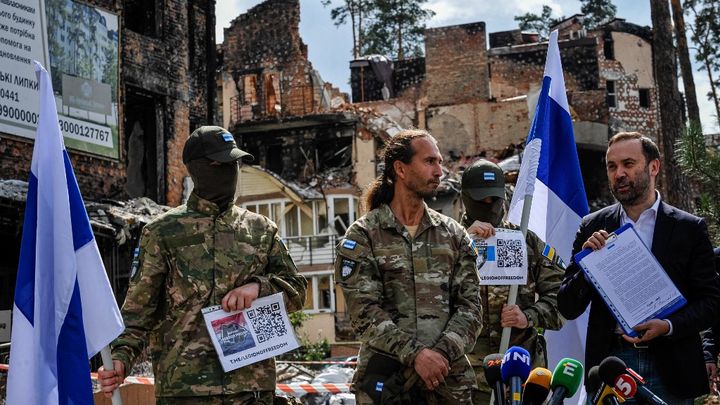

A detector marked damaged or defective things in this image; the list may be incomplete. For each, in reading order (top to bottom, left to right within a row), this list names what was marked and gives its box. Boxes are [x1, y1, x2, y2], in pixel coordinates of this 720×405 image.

broken window [124, 0, 160, 37]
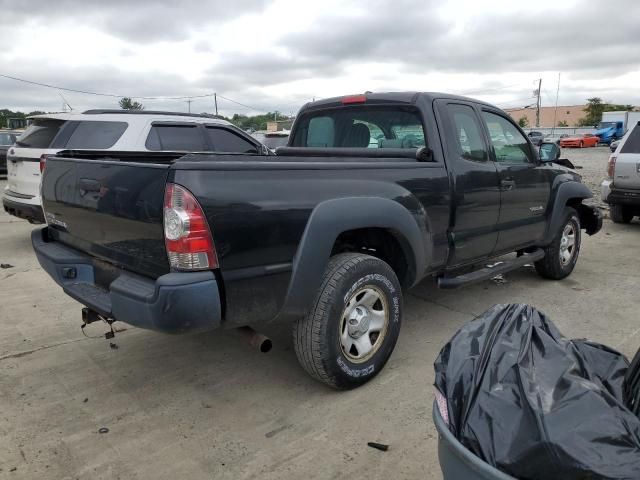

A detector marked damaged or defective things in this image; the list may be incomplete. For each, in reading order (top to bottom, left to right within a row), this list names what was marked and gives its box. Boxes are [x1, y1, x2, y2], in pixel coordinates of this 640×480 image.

cracked pavement [1, 148, 640, 478]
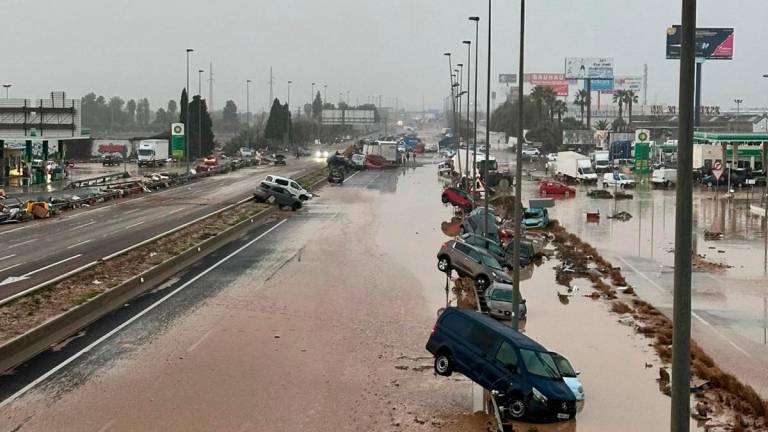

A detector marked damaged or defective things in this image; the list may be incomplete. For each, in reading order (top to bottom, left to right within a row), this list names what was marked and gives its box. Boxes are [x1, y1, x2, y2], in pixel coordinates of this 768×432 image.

wrecked car [426, 308, 576, 420]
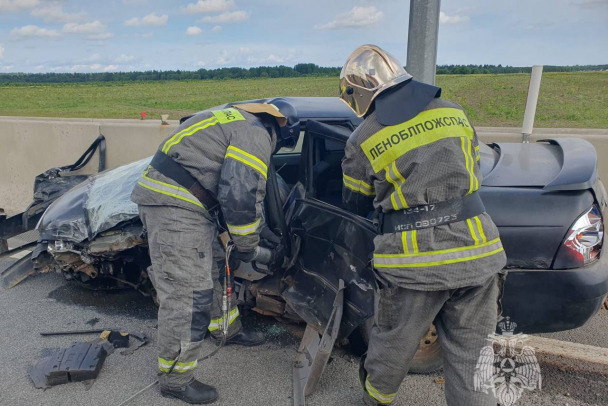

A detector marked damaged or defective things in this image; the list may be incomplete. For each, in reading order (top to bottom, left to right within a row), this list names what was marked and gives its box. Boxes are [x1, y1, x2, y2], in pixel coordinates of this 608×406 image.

wrecked car [1, 97, 608, 374]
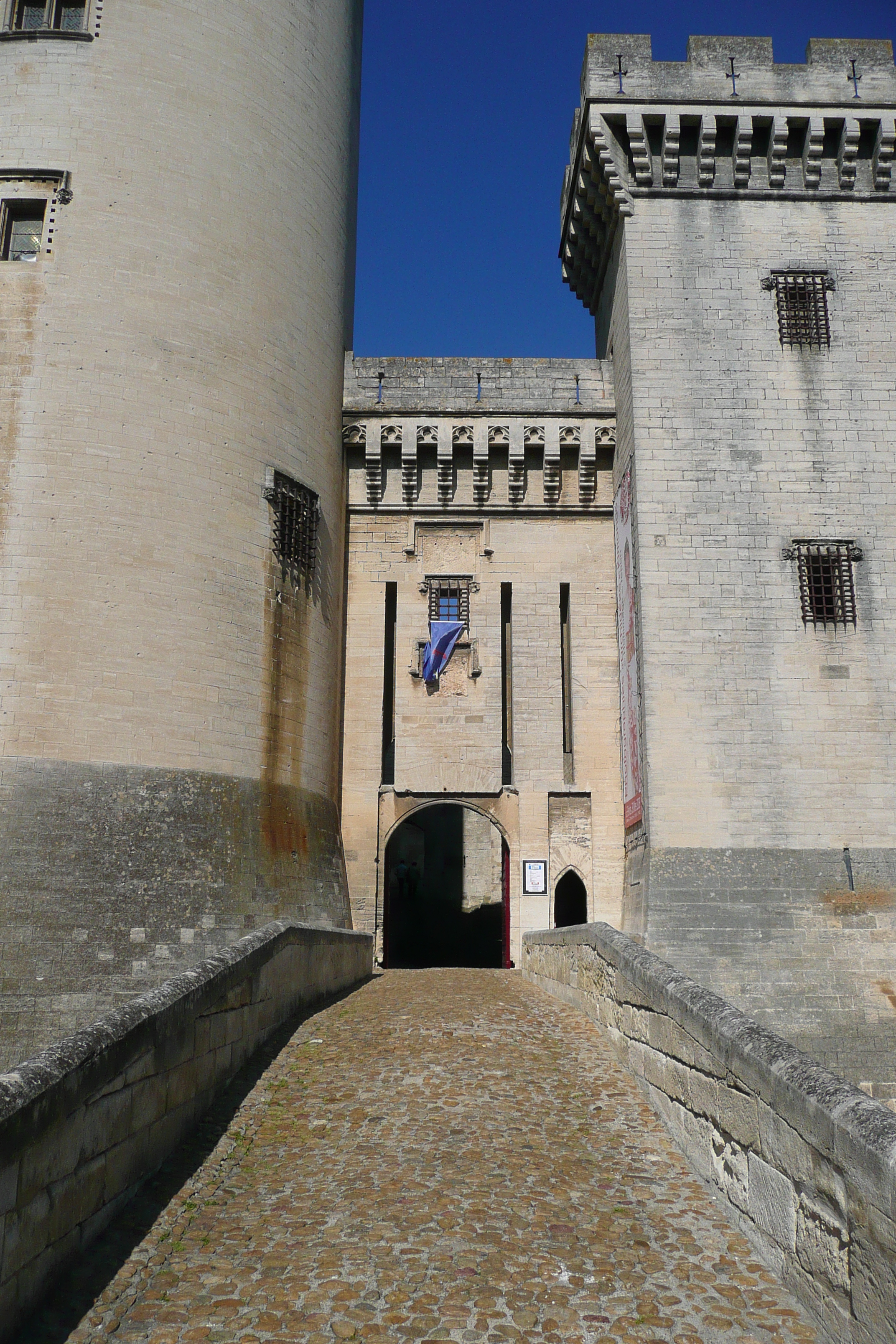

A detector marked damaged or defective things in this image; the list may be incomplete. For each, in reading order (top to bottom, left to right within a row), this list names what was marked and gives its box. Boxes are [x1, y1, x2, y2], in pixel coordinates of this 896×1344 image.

rust stain on stone [259, 559, 311, 855]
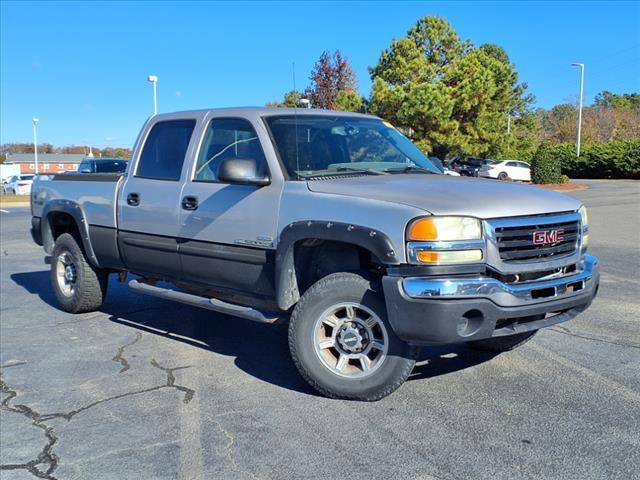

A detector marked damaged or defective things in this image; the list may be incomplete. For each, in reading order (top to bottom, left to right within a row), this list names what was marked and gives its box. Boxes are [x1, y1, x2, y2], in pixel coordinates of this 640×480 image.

crack in asphalt [112, 332, 143, 374]
crack in asphalt [552, 326, 640, 348]
crack in asphalt [0, 336, 195, 478]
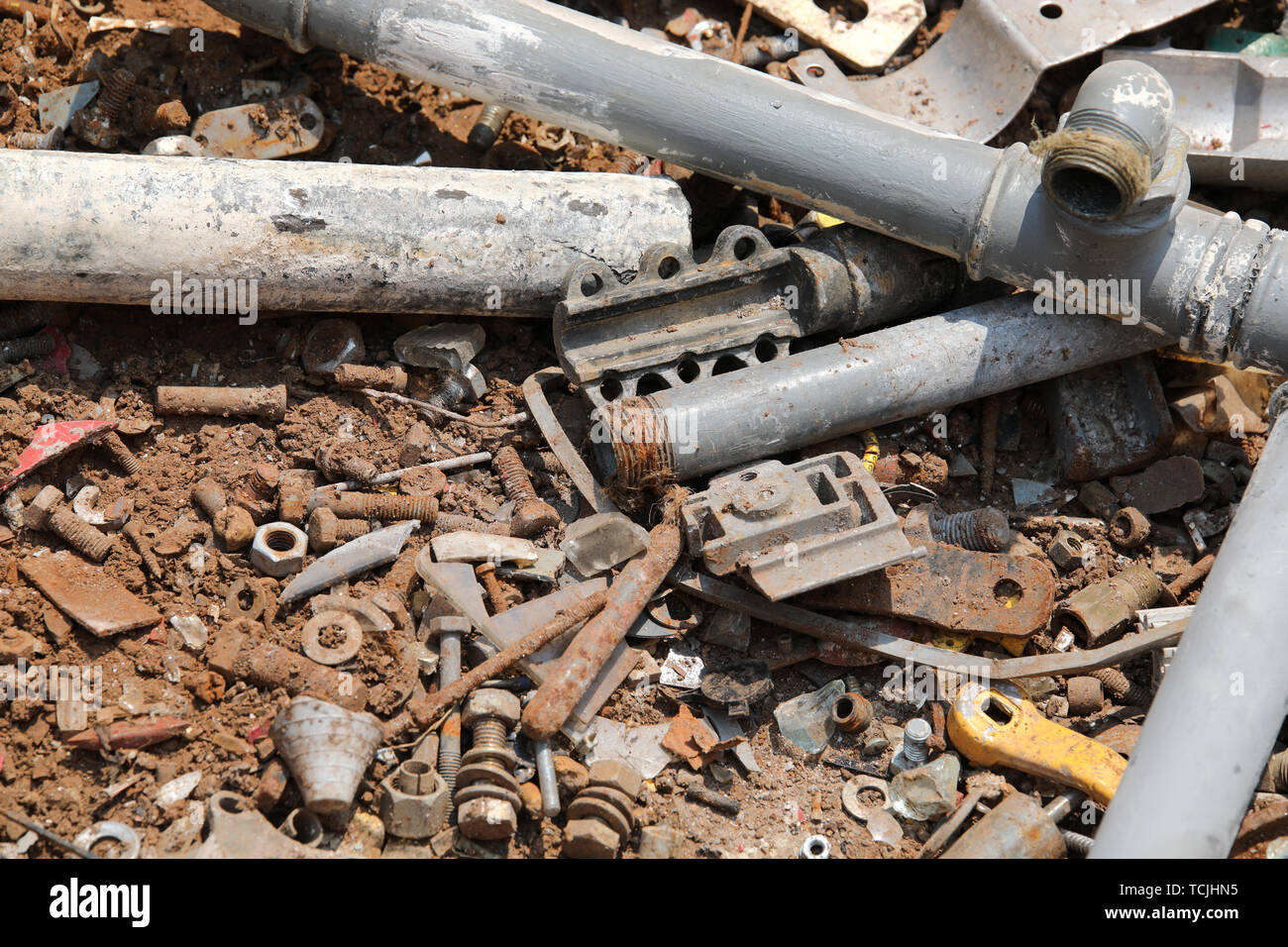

§

What the task asks
Could you transcribe exactly the lines running from the one with "this 608×406 image." to the final line of the material above, both included, with no pictures?

Result below
A detector marked damaged or defective things in this image; the list may be incomplete. For each, in reading order (top to bottom, left to right within a row), this list names what was marked and gives its box. Boxes are [x1, y1, x2, y2], in pixel coordinates of this 608×406 image.

wrecked car [1, 97, 608, 374]

A detector marked damaged or defective things in this image; the list may be incomplete. For each, in reading order (top to bottom, left to right within a row), this list names what was marked and gives its box. Boxes are [x1, y1, x2, y2], in pixel coordinates of this 896×1344 image.

rust stain on stone [259, 559, 311, 855]

A detector marked damaged or defective things in this image; the list may be incomplete. For each, in reading order (top to bottom, left to right within a row), this list names what was marked and gives its box. Boxes are [x1, y1, x2, y2], in pixel coordinates of this 640×480 image.

crack in asphalt [112, 332, 143, 374]
crack in asphalt [552, 326, 640, 348]
crack in asphalt [0, 336, 195, 478]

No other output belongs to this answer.